» **Work required**
Please write out all of the entries beneath this line exactly, skipping the pictures.

» **Supplied entries**
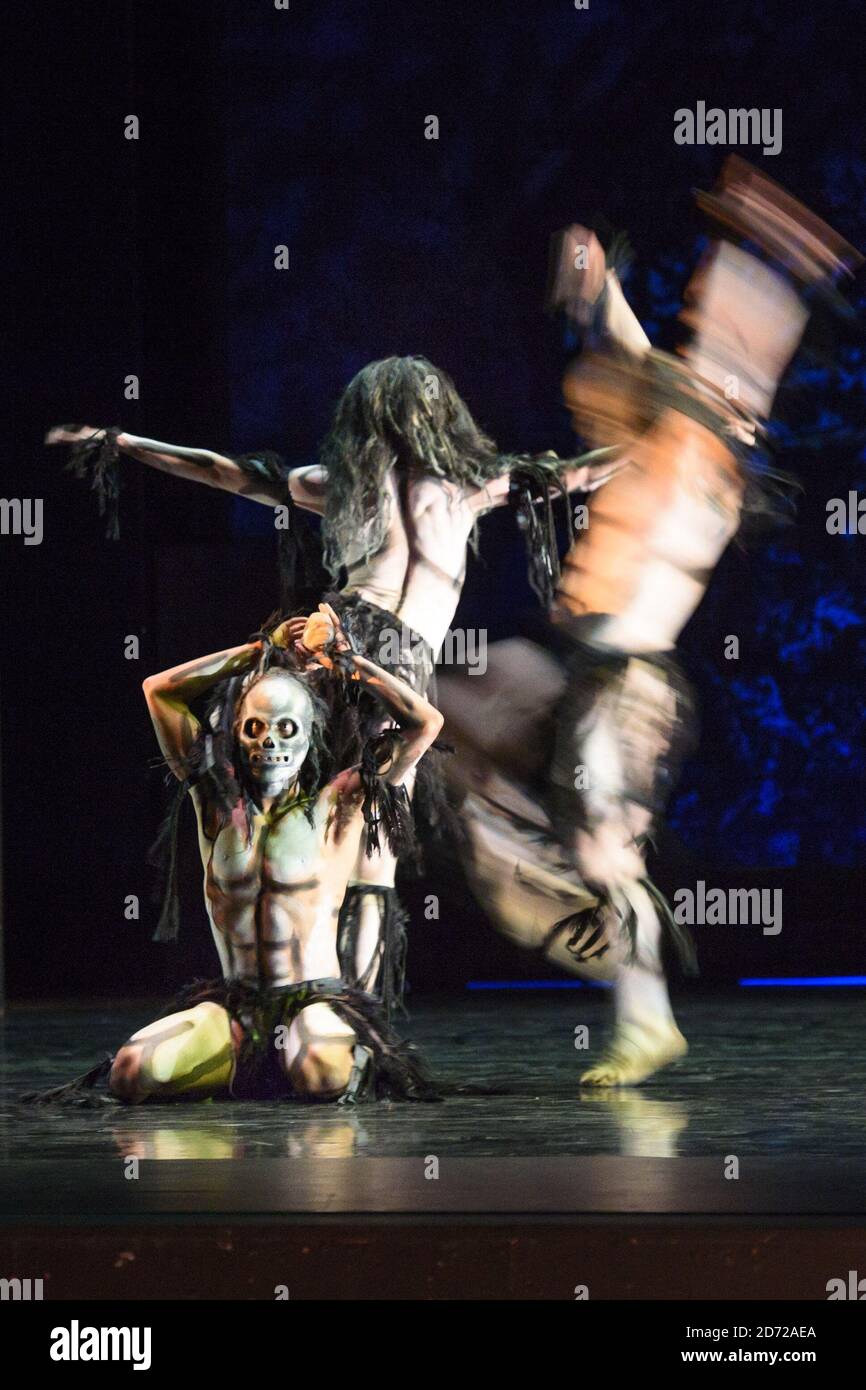 Des artistes de Rambert produisent des scènes de Ghost Dances de Christopher Bruce, au Sadler's Wells Theatre de Londres. Date de la photo: Mardi 16 mai 2017. Le crédit photo devrait se lire: Matt Crossick/ EMPICS Entertainment. Banque D'Images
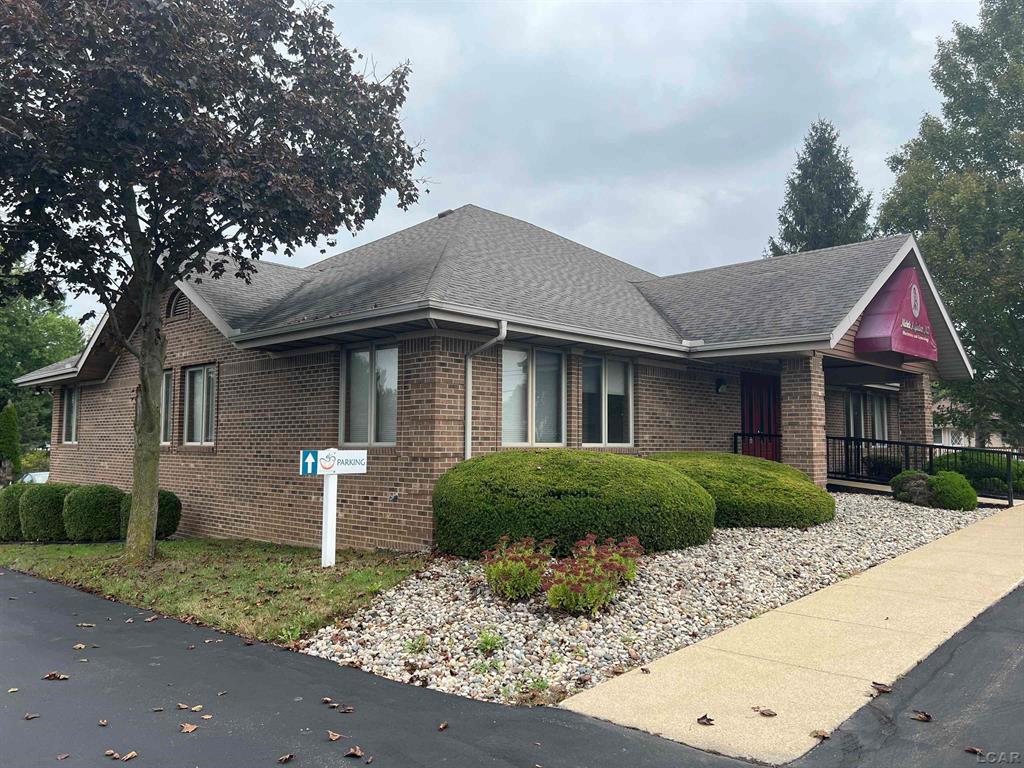 1542 West Maple Avenue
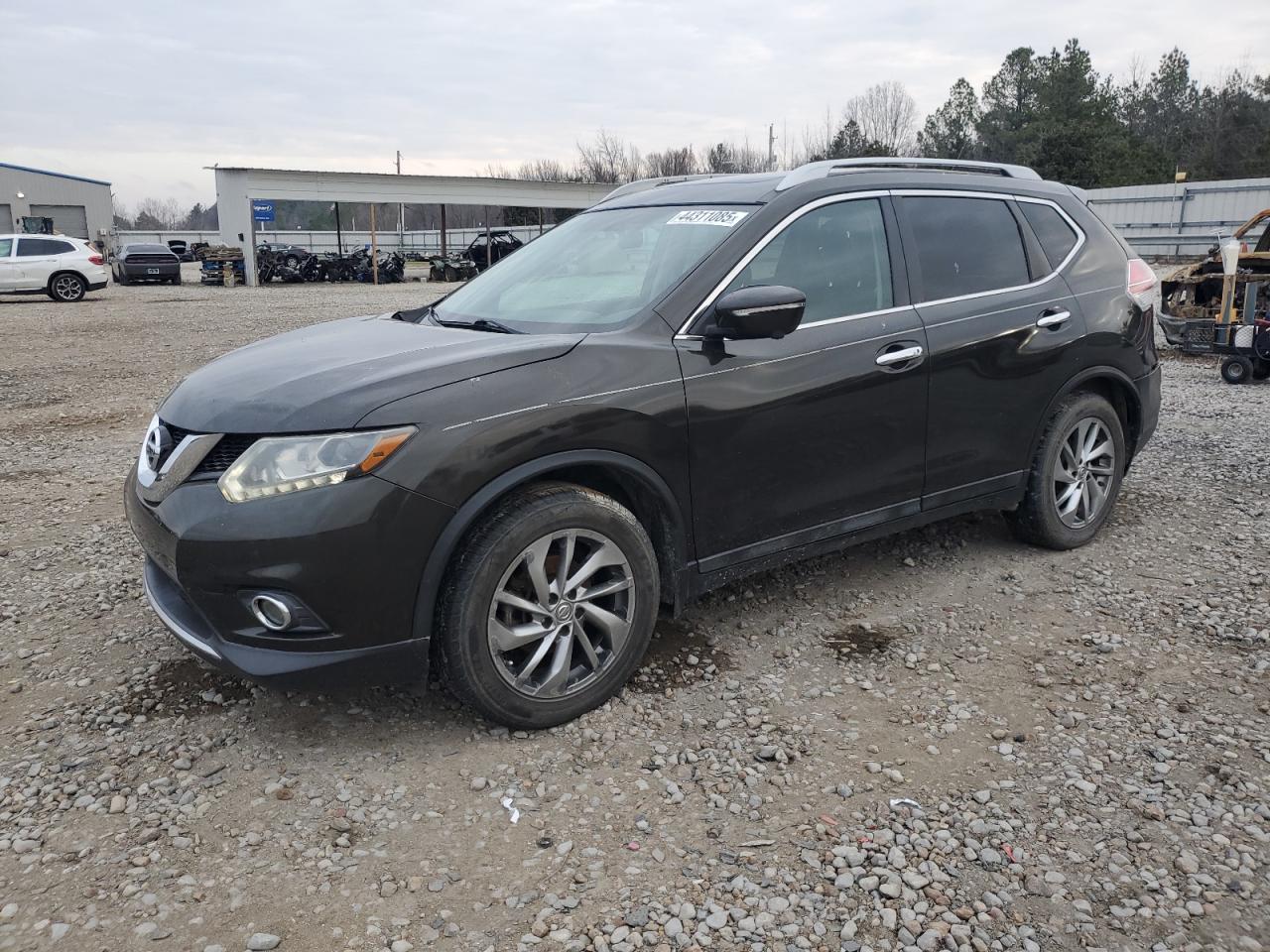 2015 Nissan Rogue - Image 1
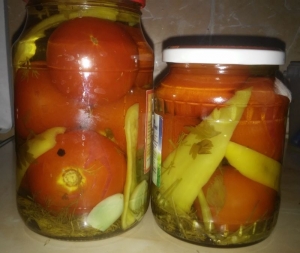 Помидоры консервированные с чесноком и перцем без стерилизации 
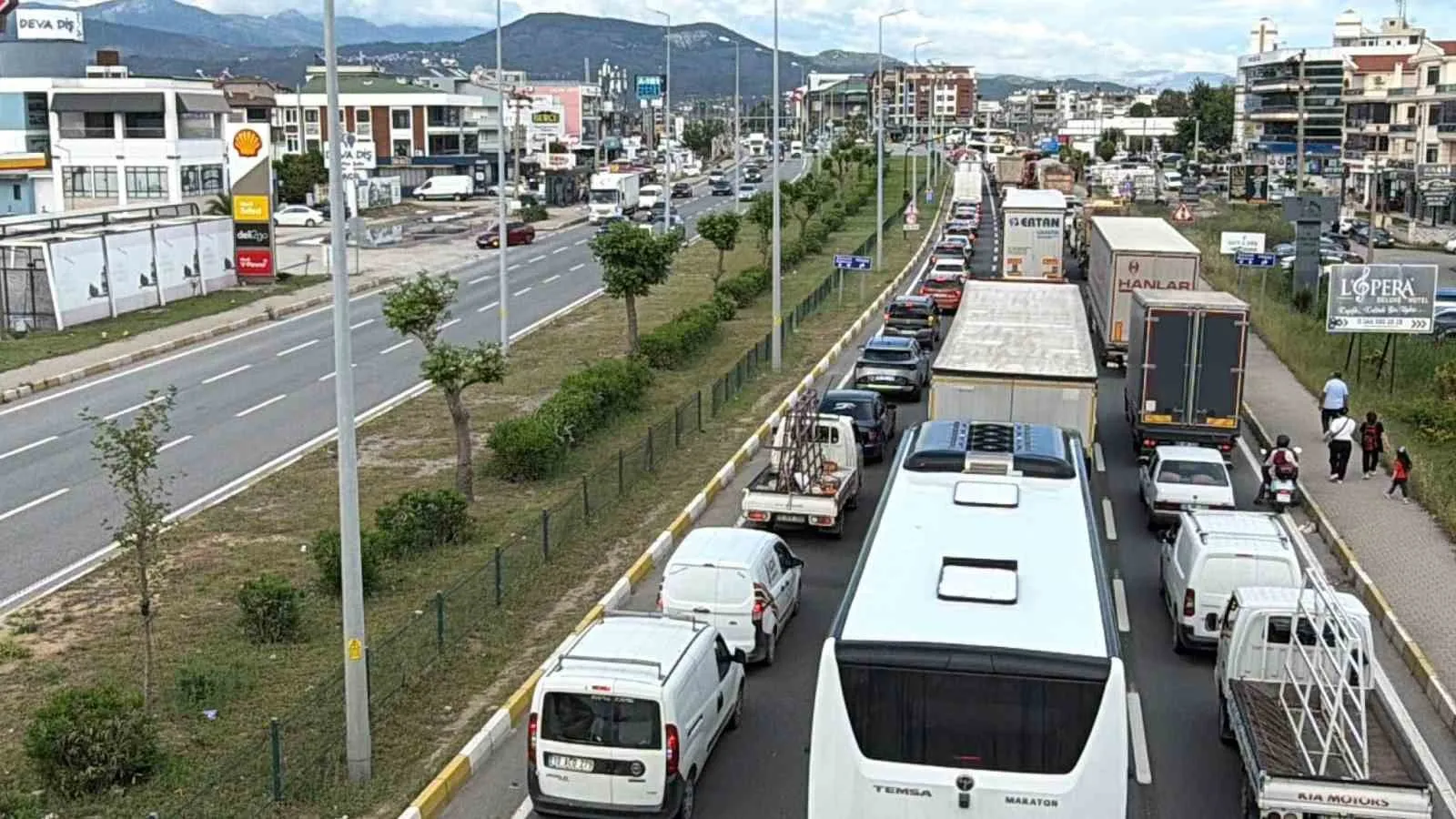 Kuzey Ege’de trafikte 9 günlük bayram tatili yoğunluğu başladı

» **Response to this task**
 Des artistes de Rambert produisent des scènes de Ghost Dances de Christopher Bruce, au Sadler's Wells Theatre de Londres. Date de la photo: Mardi 16 mai 2017. Le crédit photo devrait se lire: Matt Crossick/ EMPICS Entertainment. Banque D'Images
 1542 West Maple Avenue
 2015 Nissan Rogue - Image 1
 Помидоры консервированные с чесноком и перцем без стерилизации 
 Kuzey Ege’de trafikte 9 günlük bayram tatili yoğunluğu başladı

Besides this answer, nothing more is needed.